Three leading economists and academics at Davos agree: GDP is a poor way of assessing the health of our economies and we urgently need to find a new measure.


Speaking in different sessions, IMF head Christine Lagarde, Nobel Prize-winning economist Joseph Stiglitz, and MIT professor Erik Brynjolfsson stressed that as the world changes, so too should the way we measure progress.


A country’s GDP is an estimate of the total value of goods and services they produce. But even when the concept was first developed back in the late 1930s, the man behind it, Simon Kuznets, warned it was not a suitable measure of a country’s economic development: “He understood that GDP is not a welfare measure, it is not a measure of how well we are all doing. It counts the things that we’re buying and selling, but it’s quite possible for GDP to go in the opposite direction of welfare” Brynjolfsson told participants.


Today, with the changes brought on by the Fourth Industrial Revolution, the measure is even less of a reflection of the things that really matter: “We need a new model for growth. Just as we’re reinventing business, we need to reinvent the way we measure the economy,” the MIT professor added.
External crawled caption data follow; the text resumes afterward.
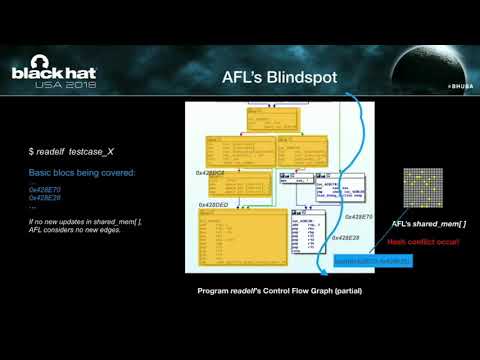 Black Hat USA 2018 AFL's Blindspot and How to Resist AFL Fuzzing for Arbitrary ELF Binaries
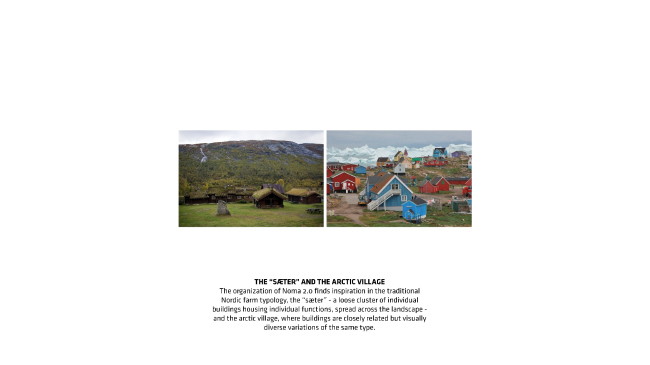 Noma 2.0. ����������� � BIG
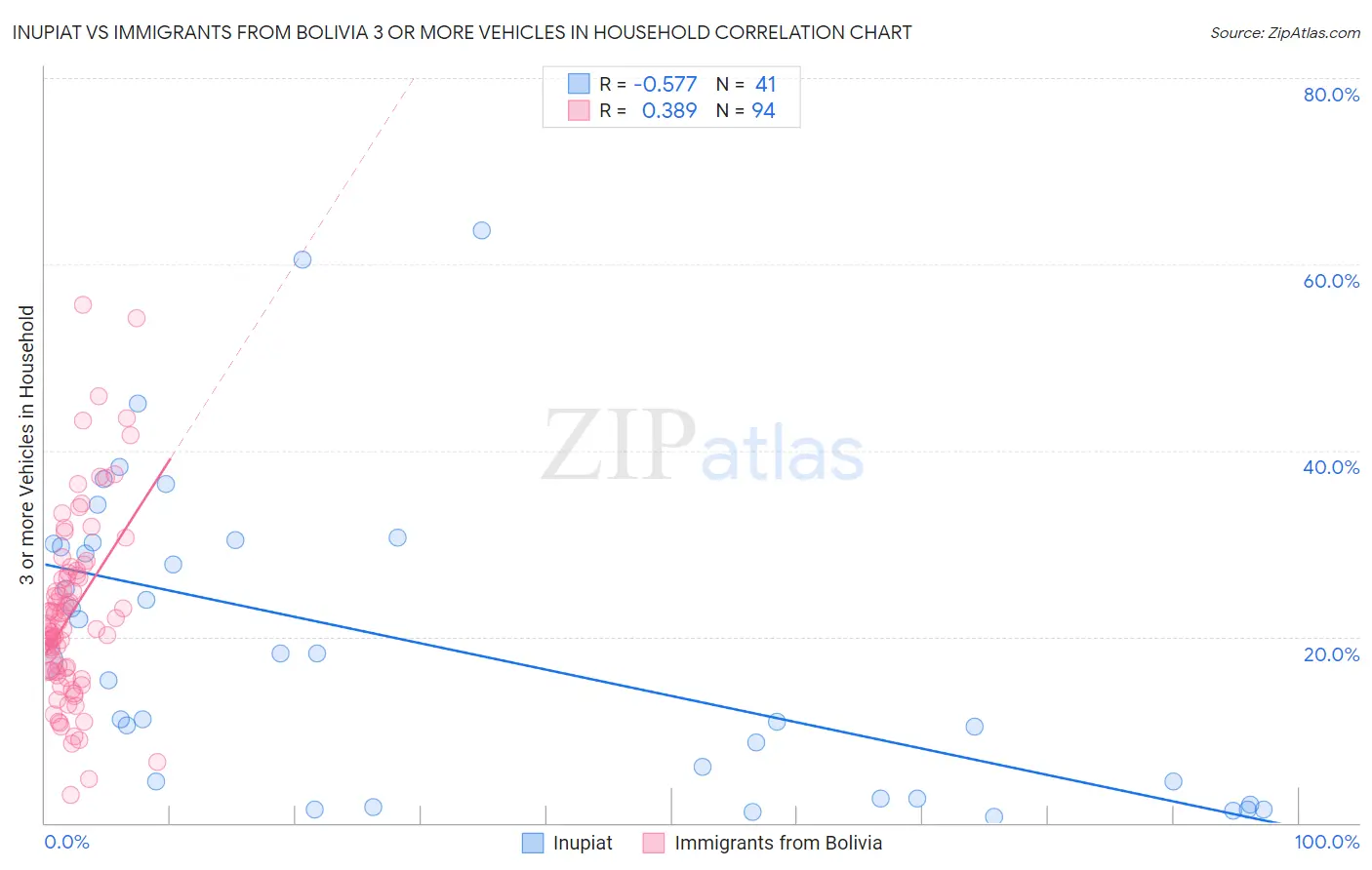 Inupiat vs Immigrants from Bolivia 3 or more Vehicles in Household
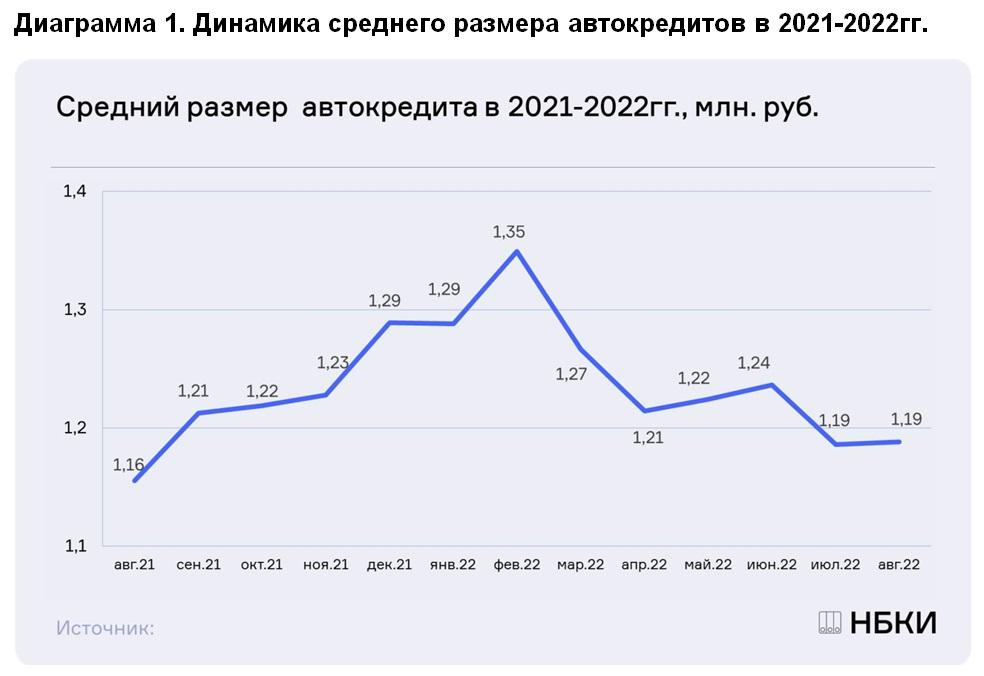 Динамика среднего размера автокредитов в 2021-2022гг.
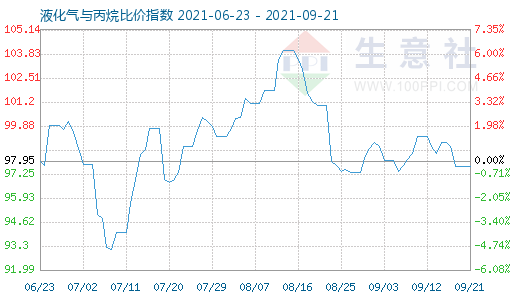 9月21日液化氣與丙烷比價指數圖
Speaking in another session, Lagarde made almost exactly the same argument: “We have to go back to GDP, the calculation of productivity, the value of things – in order to assess, and probably change, the way we look at the economy,” she said.
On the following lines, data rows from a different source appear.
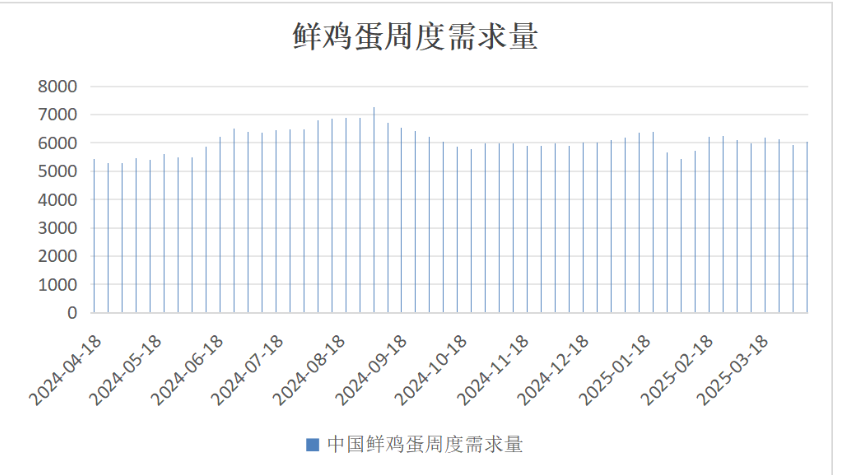 五一备货需求持续发力 鸡蛋价格短期震荡偏强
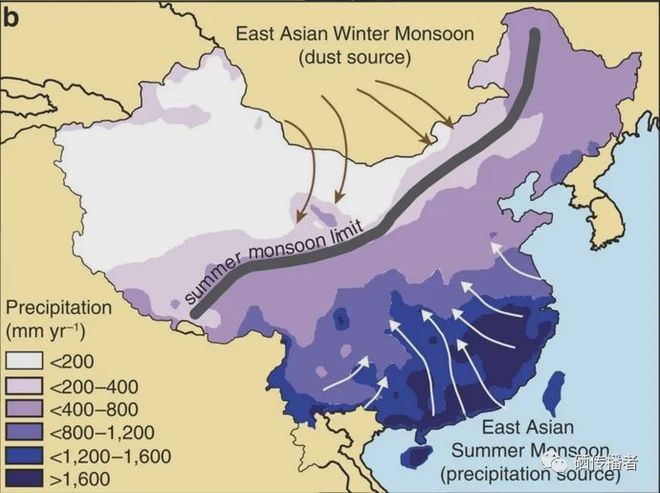 不同人群补硒标准表图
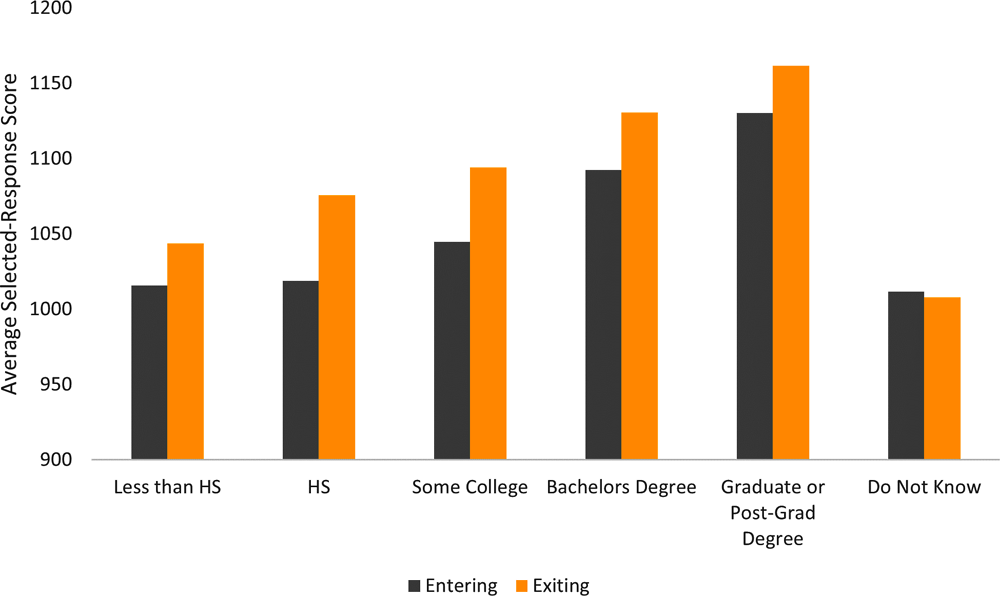 Figure 6.6. Average selected-response score by class and parent education, U.S. sample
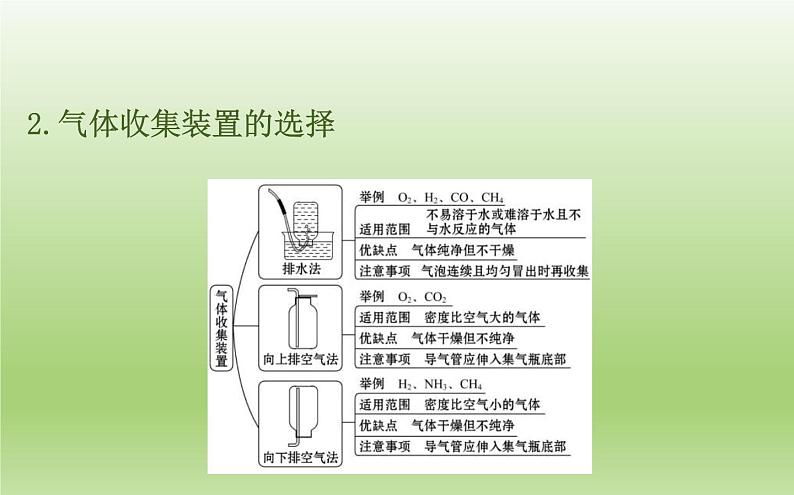 中考化学二轮复习专项突破（课件）专项五 常见气体的制备与净化 (含答案)第6页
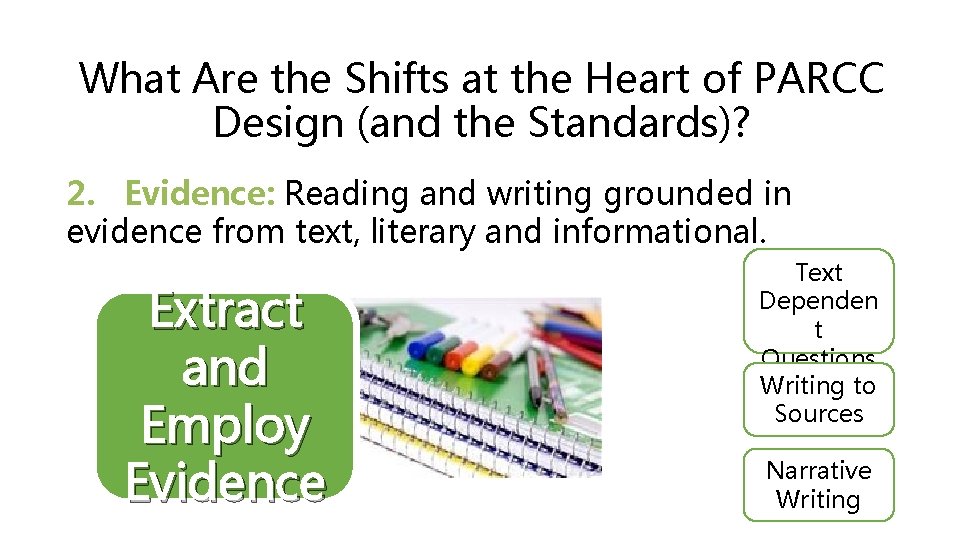 What Are the Shifts at the Heart of PARCC Design (and the Standards)? 2.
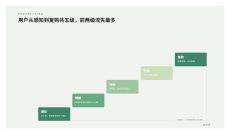 阶段递进路径分析PPT图表3页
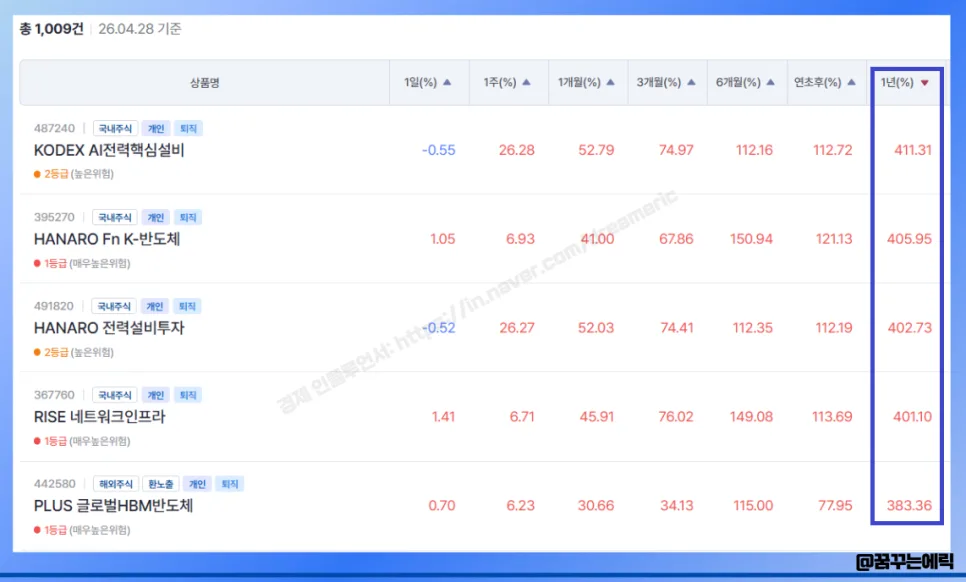 2026년 ETF 수익률 1위 비결: AI 전력 핵심 설비 ETF 분석 2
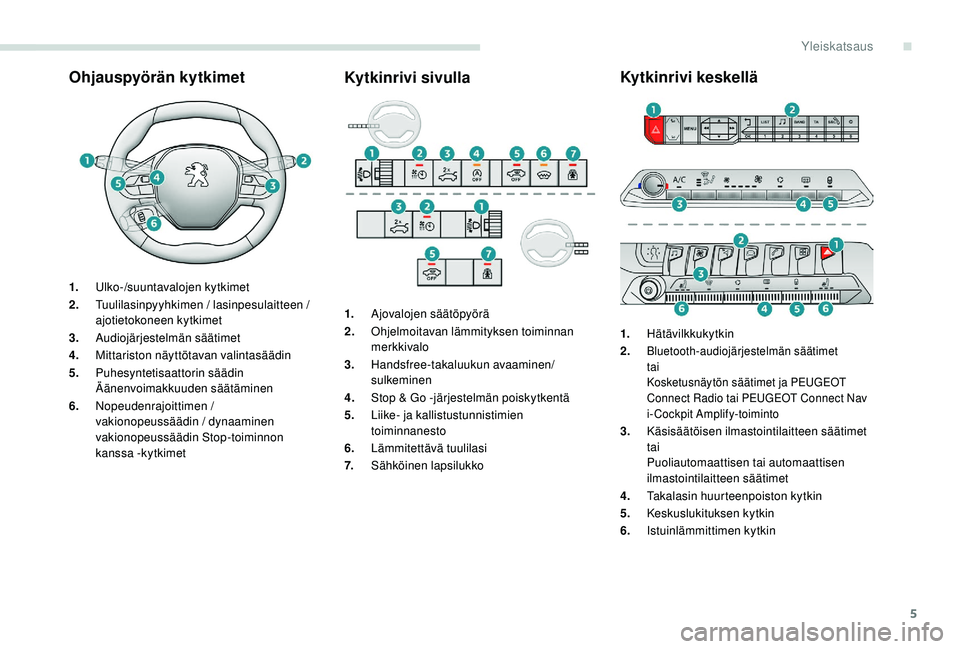 PEUGEOT 3008 2018  Omistajan Käsikirja (in Finnish) 5
Ohjauspyörän kytkimetKytkinrivi sivullaKytkinrivi keskellä
1.
Ulko-/suuntavalojen kytkimet
2. Tuulilasinpyyhkimen / lasinpesulaitteen / 
ajotietokoneen kytkimet
3. Audiojärjestelmän säätimet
It builds on a point made by Stiglitz earlier in the week: “GDP in the US has gone up every year except 2009, but most Americans are worse off than they were a third of a century ago. The benefits have gone to the very top. At the bottom, real wages adjusted for today are lower than they were 60 years ago. So this is an economic system that is not working for most people,” he said.
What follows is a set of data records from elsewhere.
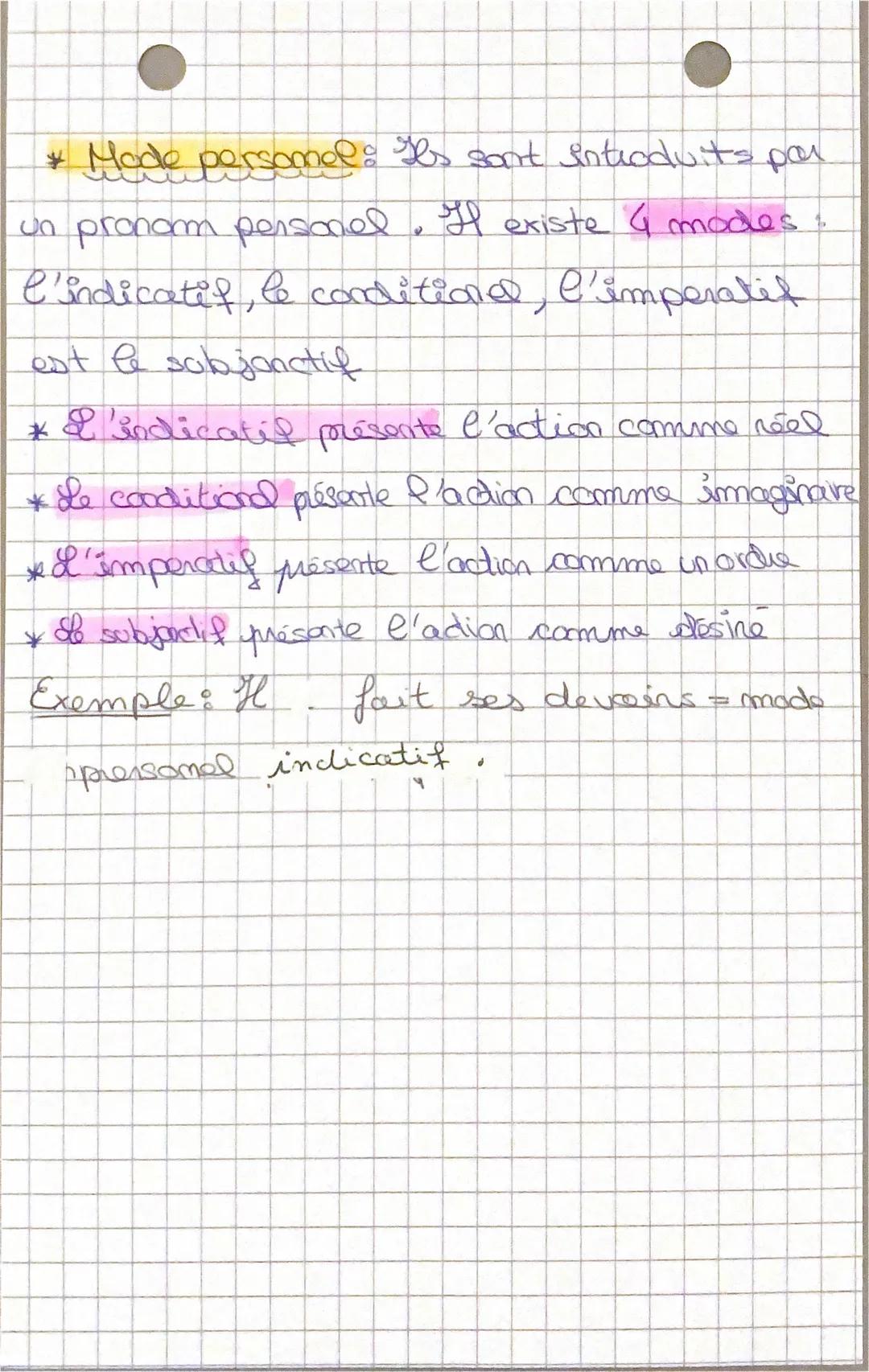 onnel dстрегaranel
• On appelle e mode la manière dont la
'exprime l'etat ore l'action.
ver be ex
*Mode impersonal Cola concerne tous les ma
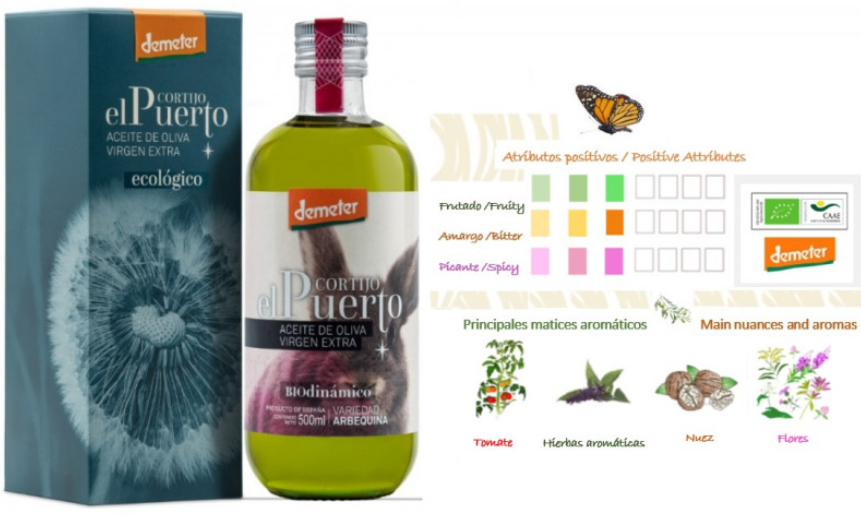 Arbequina AOVE ecológico biodinámico Cortijo el Puerto cata maridaje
Why, some might ask, does this debate even matter to most people? Is it not something for economists and policy-makers to worry about? Not according to Stiglitz: “What we measure informs what we do. And if we’re measuring the wrong thing, we’re going to do the wrong thing.”


The Annual Meeting is taking place in Davos from 20 to 23 January, under the theme “Mastering the Fourth Industrial Revolution”.